Help, My Credit Score Just Fell Off A Cliff (and I didn't even do anything)!


As you may not know, Fair Isaac (what's so fair about them, I don't know) recently updated its FICO score formula and it is being rolled out by the three primary credit agencies. While there are many views on whether these changes are good or bad, the one certainty about all of this is that your credit score is probably going to change. Here's our quick and dirty on how this might affect you:

If your credit is currently being bolstered because you are an authorized user on your parents credit card account, you are probably going to get HAMMERED! One of the largest (and most negative) changes to the formula is the removal of the benefit you get from being on someone elses account as an authorized user. Some credit analysts belive as many of 25% of all Americans with credit could be negatively affected by this one change (that's about 40 million people whose credit score could fall). The good news is that it may take a number of months before all the credit card companies, banks, etc. begin to use this new score (so, get some new credit while you can - P2P-Loans.com has some great credit card offers if you are interested). Getting credit now (while you can still piggyback with daddy's good credit) will allow you to start building your own on-time credit file.
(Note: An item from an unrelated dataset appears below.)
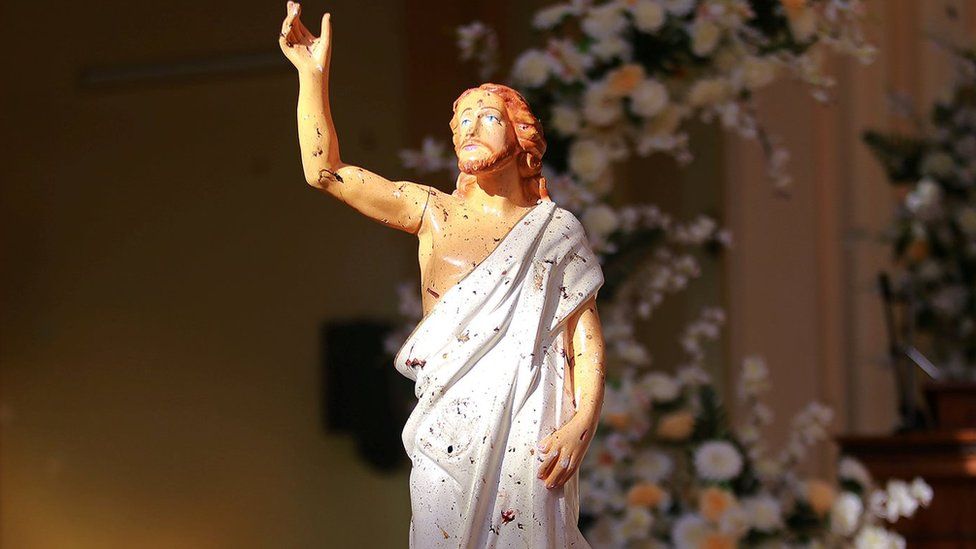 Blood-splattered Jesus statue in a church in Negombo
However, there are some positive changes to the scoring methodology as well. For example, the system treats a single large slip up (even as much as 90 days) as an “isolated delinquency” to individuals with a 10-year credit history. Routine late payments of less than 90 days will still damage your report but at least now a legitimate mistake won’t haunt you so severely.

Also under the new system, multiple credit inquiries in a short period of time won’t be so damaging to your credit score, as now they will be weighted less heavily in calculating the overall number.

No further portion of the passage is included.